Jorge, it was a correct challenge - the word is used loosely and needs defining (because of our modern assumptions of what a peasant was). It would be good to see a real small-farmer re-enacted, but those with the correct calluses are likely to be too busy working the land (OTOH I do know an ex-woodsman who could carry it off). I have the calluses on my shooting finger to be an archer, trouble is they'll have gone with a few weeks not shooting !
Cat, no I don't know JC ... did I make an assumption ? Sorry, missed that
hmmm, beginning to guess which group you're with - you have another site ?

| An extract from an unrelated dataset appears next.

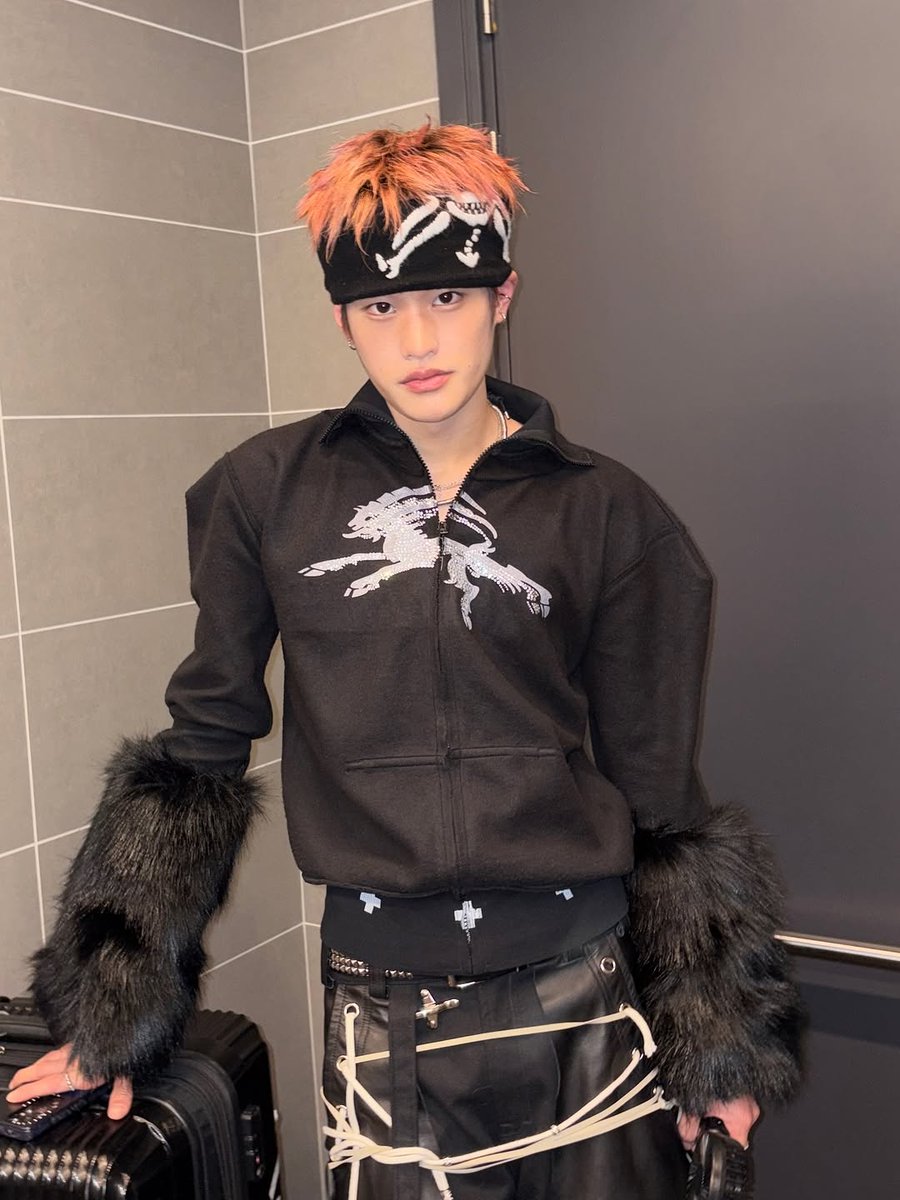 k1ngk1ngmandoo's tweet image. 사랑해요.....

WW ... a few suggestions to get the feel of what life was like for the majority:
The modern scholarly one:
'Peasants and Landlords in Later Medieval England' E.B.Fryde (1996) ISBN 0 - 7509 - 2255 - 9
For an older and in some ways outdated view :
'English Social History (Chaucer to Queen Victoria)' C.M. Trevelyan ISBN 0 - 14 - --9982 - 4
this is very Victorian, but counteracts any rosy modern view with one biased in the opposite direction; does contain original references to justify itself.

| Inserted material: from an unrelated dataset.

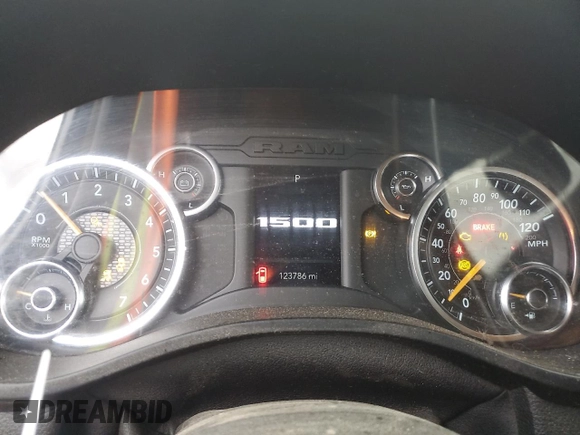 2019 Ram 1500 Tradesman z VIN 1C6SRFCT2KN621955, wystawiony jako Copart lot #74845524 z przebiegiem 123 786 mil mil oraz Szkoda całkowita • Salvage title. Historia ofert i sprzedaży dostępna na DreamBid. Obrazek 9.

'The Common People' JFC Harrison (1984) ISBN 0 - 00 - 686163 - 6
Again, references and quotes of primary sources interleaved with readable commentary.
Something less dry, which I find helps to show what medieval people wanted in their heroes :
'A Book of Medieval Outaws (Ten Tales in Modern English)' Ed: Thomas H Ohlgren (1998) ISBN 0 - 7509 - 2493 - 4
Not a real history (!) but good for the feel of the times :
'Katherine' Anya Seton (1954)
What K. finds at Hugh Swynford's estate is probably typical of how a manor could be ruined by neglect of a minor landholding knight. Knighthood didn't mean riches (it could mean poverty because of the outlay mandated by law) and a small landholding requires management.